Was this the first time a political leader made a victory speech without a tie? I think it might have been, in which this was a key moment in the slow, silent death of ties.

At least he'd had a shave. Increasingly, tieless and unshaven is The Look, at least in business if not in politics yet.

Not that I have a problem with that. I'm not some kind old-fashioned prude, and there is no point fighting the juggernaut of fashion.

I just want to know the rules. Is it OK to not wear a tie to business meetings now? When can I stop wearing a tie on the ABC news? If I did, would the switchboard light up and Mark Scott give me a call?

In fact, a lot of men even show up at a black tie event these days without a tie at all, let alone a black one as required. No one says anything, as I sit there uncomfortable in my tux. Is it OK to ignore the black tie thing now? Or is it just OK if you're under 40 and don't shave?

Neckties, as they used to be called, seem to have been invented about 300 years ago, but didn't come into their own until the first decade of the 20th century, when absolutely everyone wore some kind of tie.

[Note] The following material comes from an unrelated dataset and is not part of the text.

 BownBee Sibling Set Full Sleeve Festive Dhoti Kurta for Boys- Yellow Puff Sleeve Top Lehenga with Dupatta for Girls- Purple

Most common in those days was the cravat. But gradually the tie, as we know it today, took over from both the cravat and the bowtie.

And so it has remained till the 21st century. Ties got thin in the '50s, wide in the '70s, and then thin again. A few blokes, usually professors, have hung onto bowties, and fewer still to cravats (Matt Preston anyone?), but the wearing of a tie has always been the sign that a man belonged to the professional classes -- that he was 'white collar' as opposed to the 'blue collar' (and no tie) of the working classes.

In the late '90s Bill Clinton and his image-makes took ties to a whole new level, researching the voter impact of certain tie colours in the way that magazine editors understand the effect on sales of cover colours. Prime Minister Tony Abbott has refined this idea down to one colour only: blue. When you're on a calming thing, stick to it.

Now ties are disappearing. Only CEOs, broadly defined, and CEOs-in-training wear them, and even then not all the time. I often encounter a tieless CEO, especially in the world of technology, but not only there.

Ties are no longer the sign that a man belongs to the white-collar class, and of course collars are anything but white. Nor is a clean-shaven face, or a neat moustache or goatee a sign of anything at all.

What is fascinating is the process by which this change happened.

There was no process. No decision was made; no one blew a whistle, took out an ad or wrote a book, but nevertheless 100 years of inviolable custom has simply melted away through a sort of collective agreement that combines passive resistance and active rebellion.

I suspect that's it for ties: it's nearly over. It was a 100-year fashion flash in the pan, soon to disappear, never to return.